This repository contains the quantum chemical properties, including geometries, natural atomic charges and Wiberg bond orders of the 108k transition metal complexes (TMCs) in the last version of the tmQM dataset. This collection includes all 30 transition metals across the 3d, 4d and 5d series, combined with more than 30k different ligands.
The tmQM dataset contains organometallic, bioinorganic, and Werner complexes. Structures were extracted from the 2024 release of the Cambridge Structural Database (CSD) with a series of filters, yielding mononuclear TMCs with charges in the range [-1, 0, 1]. Electronic structure properties, including the energy, dipole moment, polarizability, and HOMO–LUMO gap, were all computed for the closed-shell singlet state. Two levels of theory were used: GFN2-xTB (geometries) and DFT (single-point properties).
The 2024 version of the tmQM dataset is an extension of the original tmQM dataset reported in this article: The tmQM Dataset - Quantum Geometries and Properties of 86k Transition Metal Complexes. tmQM has also been used to derive a 60k graph dataset (tmQMg) and a 30k ligand library (tmQMg-L), both derived from NBO analysis.
The purpose of tmQM is to provide the scientific community with a reliable source for developing and testing machine learning models for the exploration of the TMC chemical space.

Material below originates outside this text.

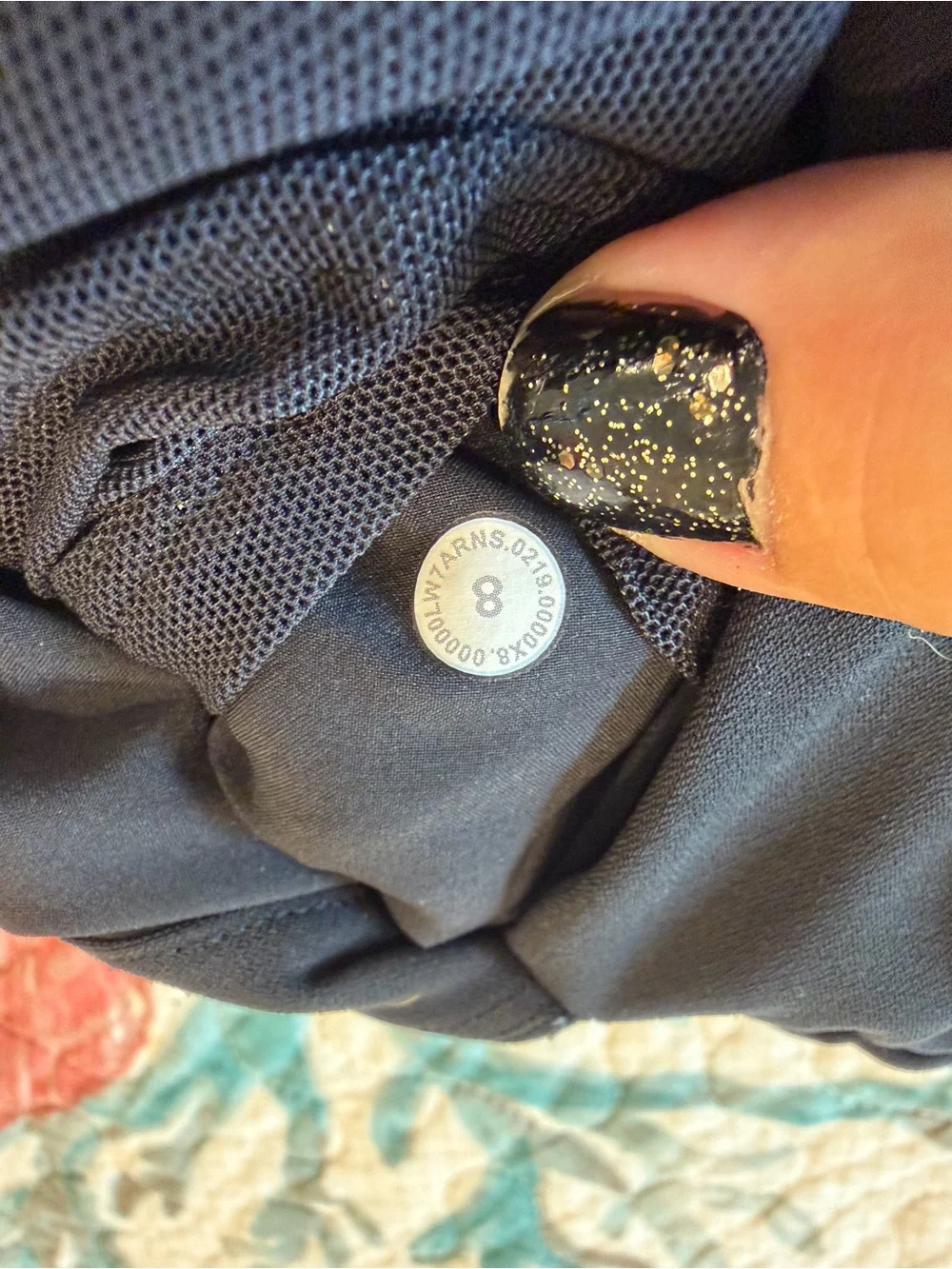 Lululemon On The Fly Short *Woven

The tmQM dataset is also available for download from the UiO Computational Catalysis Group website.
- Contain the Cartesian coordinates of all 108k TMCs optimized at the GFN2-xTB level.
- Additional information such as the molecular size, CSD code, charge, spin, stoichiometry and metal node degree is also included.

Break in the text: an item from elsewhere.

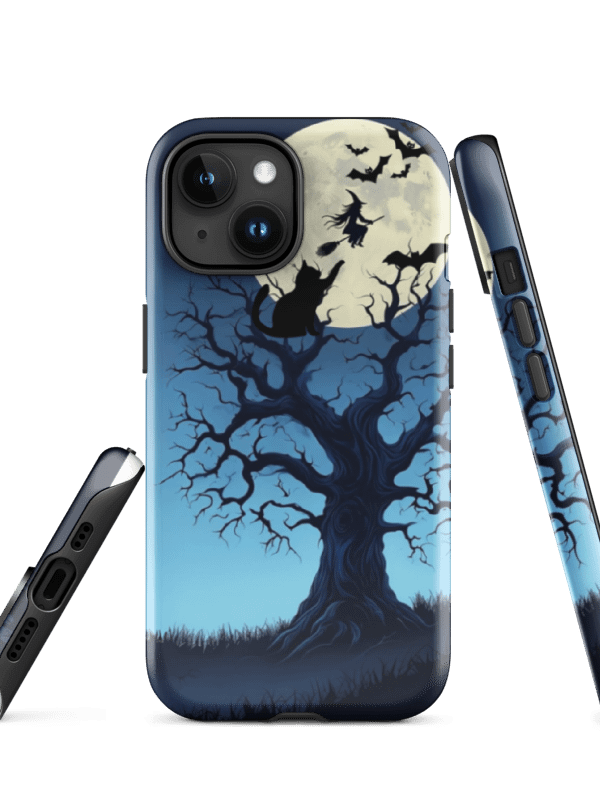 Moonlight Witch iPhone Tough Case product image (52)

- Data is split into three files compressed by gzip.
- Contains the quantum chemical properties of the 108k TMCs computed at the DFT(TPSSh-D3BJ/def2-SVP) level.
- The DFT properties included are the electronic energy, dispersion energy, dipole moment, natural charge at the metal center, HOMO-LUMO gap, HOMO energy, and LUMO energy. The polarizability is at the GFN2-xTB level of theory.
- Contains the natural atomic charges of the 108k TMCs calculated at the DFT(TPSSh-D3BJ/def2-SVP) level.
- Contain the Wiberg bond orders and atomic valence indices of the 108k TMCs calculated at the GFN2-xTB level.
- Data is split into three files compressed by gzip.
- Contains the Cartesian coordinates of the 86k TMCs optimized at the GFN2-xTB level.
- Additional information such as the molecular size, CSD code, charge, spin, stoichiometry and metal node degree is also included.
- Data is split into two files compressed by gzip.
- This and all data below is from the 2020 release of the CSD.
- Contains the quantum chemical properties of the 86k TMCs computed at the DFT(TPSSh-D3BJ/def2-SVP) level.
- The DFT properties included are the electronic energy, dispersion energy, dipole moment, natural charge at the metal center, HOMO-LUMO gap, HOMO energy, and LUMO energy. The polarizability is at the GFN2-xTB level of theory.
- Contains the Cartesian coordinates of all TMCs of benchmark 2 optimized at the DFT(TPSSh-D3BJ/def2-SVP) level.
- Additional information such as the molecular size and CSD code is also included.
The 2024 release of the CSD contains structural data for over 1.3M chemical compounds, of which nearly 0.5M include transition metals. However, not all 0.5M transition metal-containing structures are suited for tmQM. TMCs were thus selected and curated using these filters:
-
Chemical composition filter: Mononuclear TMCs including any of the 30 transition metals bonded to any of these elements: B, C, Si, N, P, As, O, S, Se, F, Cl, Br, and I, and including at least one C atom.
-
Geometry filters (I): Non-polymeric and with 3D coordinates available, excluding disordered structures.
-
Geometry filters (II): Heaviest fragment with a transition metal; excludes co-crystalizing molecules (e.g., solvents and counterions).
-
Electronic structure filters: Neutral and ±1 charged TMCs with an even number of electrons.
-
Curation filter (I): Only the TMCs for which both the xTB and DFT calculations converged.
-
Curation filter (II): The 7% TMCs with the largest deviation of the xTB geometry relative to the CSD structure were excluded (normalized by r factor and number of atoms).
-
Curation filter (III): xTB-optimized geometries without any H atom, or with C atoms with missing Hs, were excluded using the filter developed by Ulissi and Blau in this article.
-
Curation filter (IV): xTB-optimized geometries with missing Hs, as well as dissociated, isolated ligands, were excluded using a C-focused multi-radii geometric filter.